▶ **EXERCISE**: Every line below from the one containing "Exclusivo: Exército faz" through the one containing "حذار الاستمرار بما يسهًل لإسرائيل مخططاتها!" is to be printed exactly, with the pictures omitted.

▶ **SUPPLIED INFORMATION**:
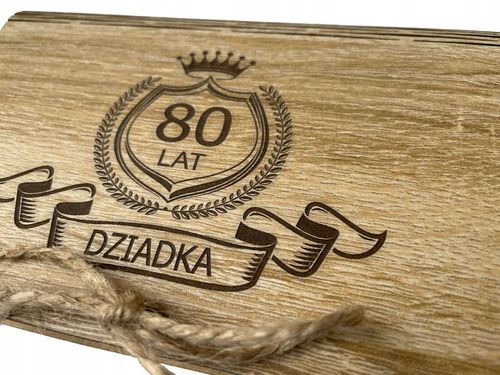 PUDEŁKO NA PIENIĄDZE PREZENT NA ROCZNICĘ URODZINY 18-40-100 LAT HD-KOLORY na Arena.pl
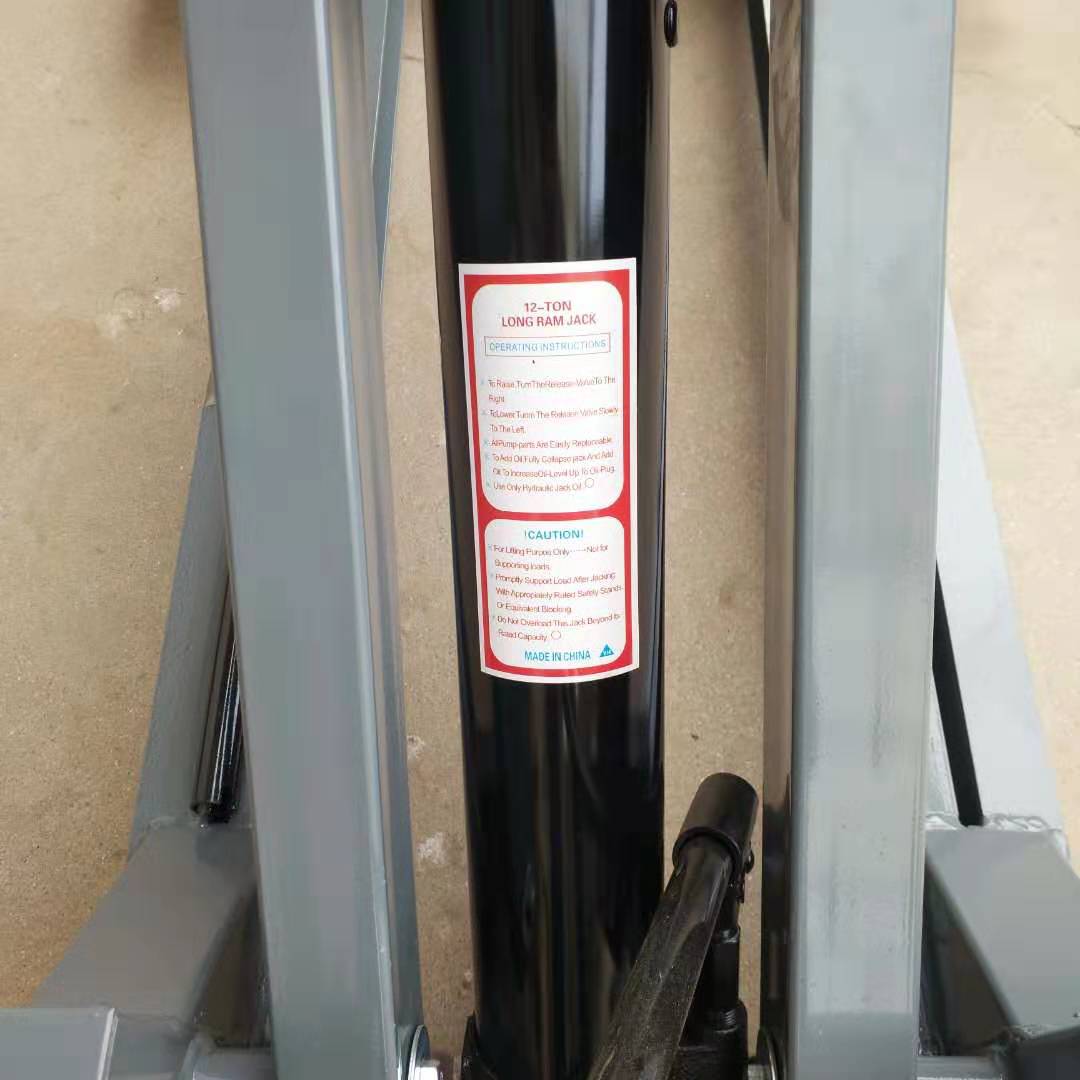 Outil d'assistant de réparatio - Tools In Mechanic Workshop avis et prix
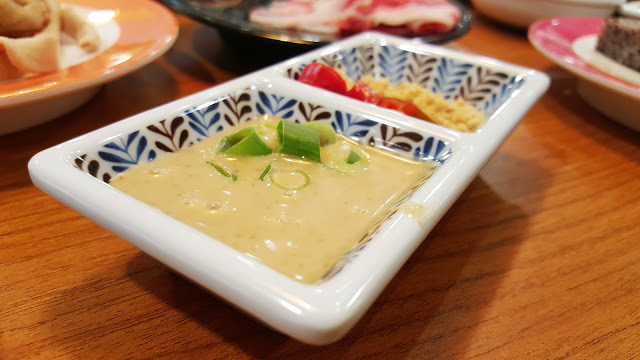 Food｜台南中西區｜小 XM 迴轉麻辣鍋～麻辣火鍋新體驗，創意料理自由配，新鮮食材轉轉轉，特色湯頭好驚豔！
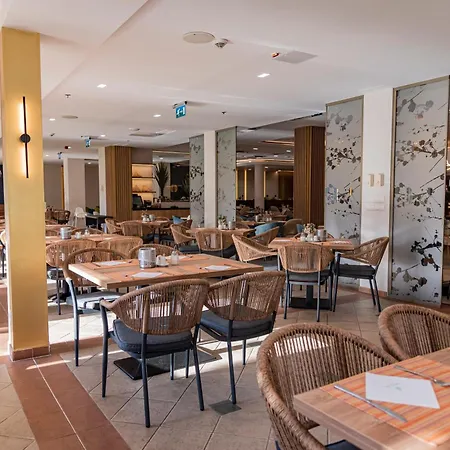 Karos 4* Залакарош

==

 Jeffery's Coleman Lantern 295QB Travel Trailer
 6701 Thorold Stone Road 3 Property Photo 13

...

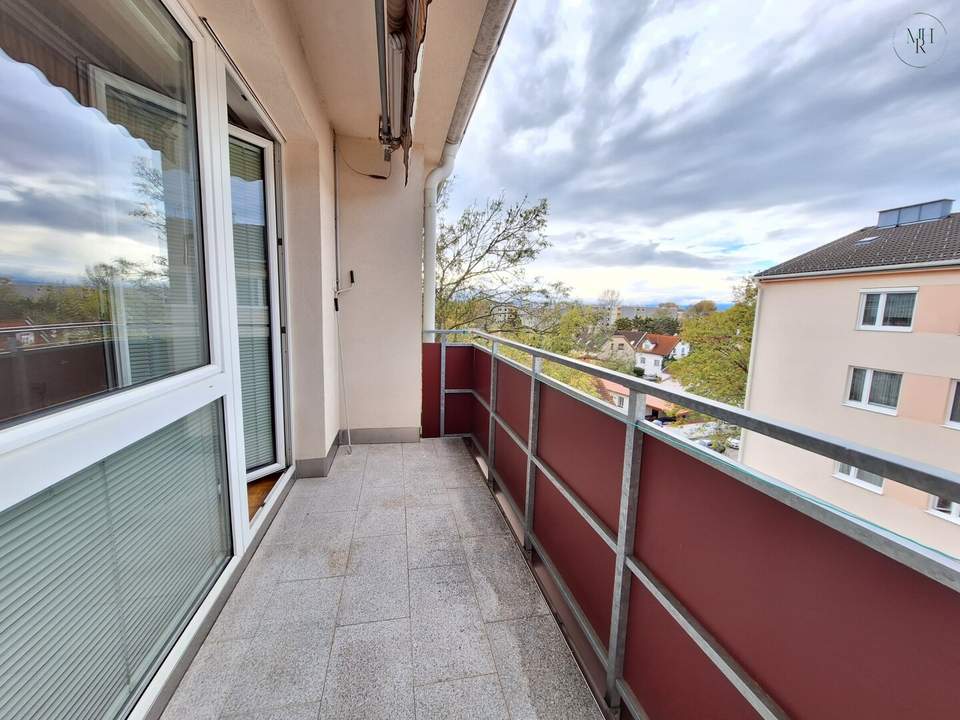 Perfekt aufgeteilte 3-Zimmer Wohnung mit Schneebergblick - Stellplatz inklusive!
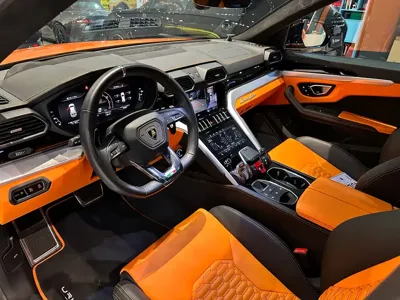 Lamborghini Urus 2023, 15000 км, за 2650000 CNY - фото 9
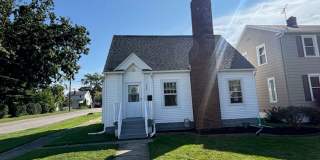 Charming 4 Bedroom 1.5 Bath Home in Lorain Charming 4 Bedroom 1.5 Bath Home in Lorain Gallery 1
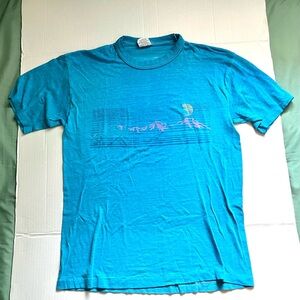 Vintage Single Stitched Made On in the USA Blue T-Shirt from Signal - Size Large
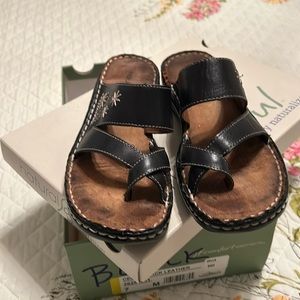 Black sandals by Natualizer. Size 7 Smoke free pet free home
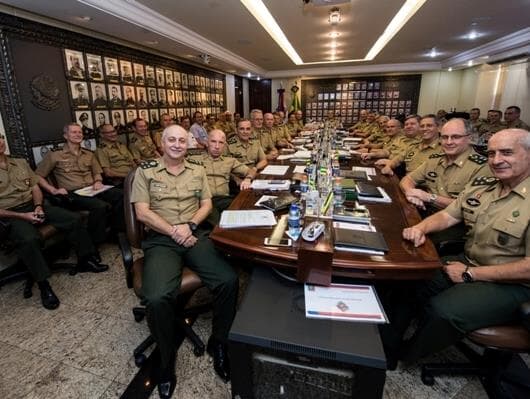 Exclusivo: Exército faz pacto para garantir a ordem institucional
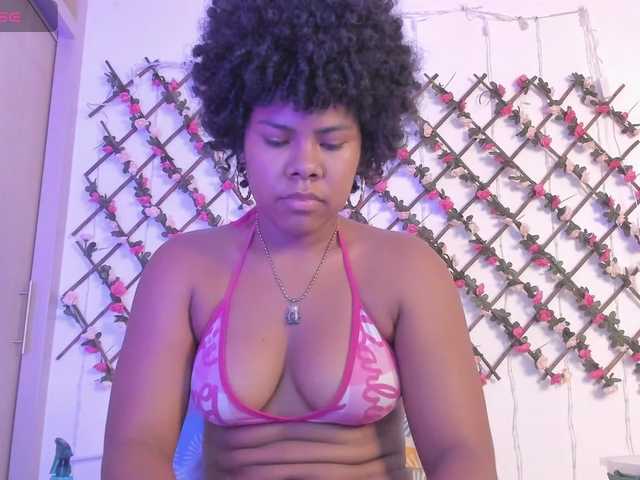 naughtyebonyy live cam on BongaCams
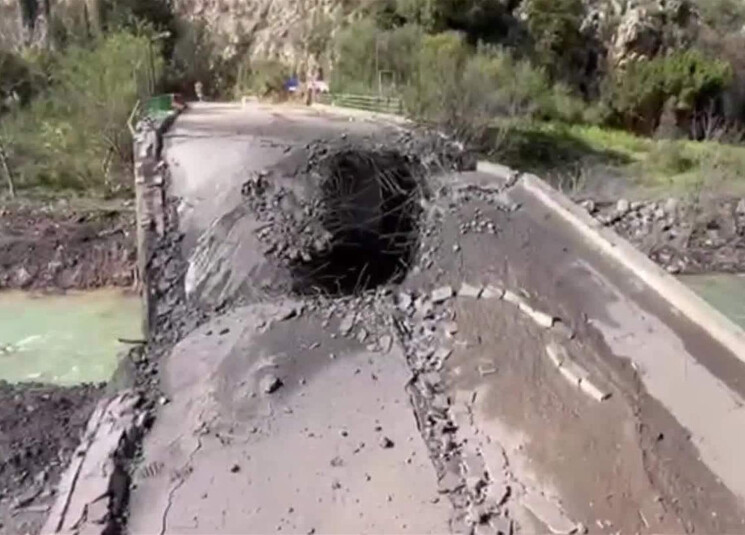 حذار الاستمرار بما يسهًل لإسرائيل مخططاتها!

▶ **OUTPUT OF THE TASK**:
 Exclusivo: Exército faz pacto para garantir a ordem institucional
 naughtyebonyy live cam on BongaCams
 حذار الاستمرار بما يسهًل لإسرائيل مخططاتها!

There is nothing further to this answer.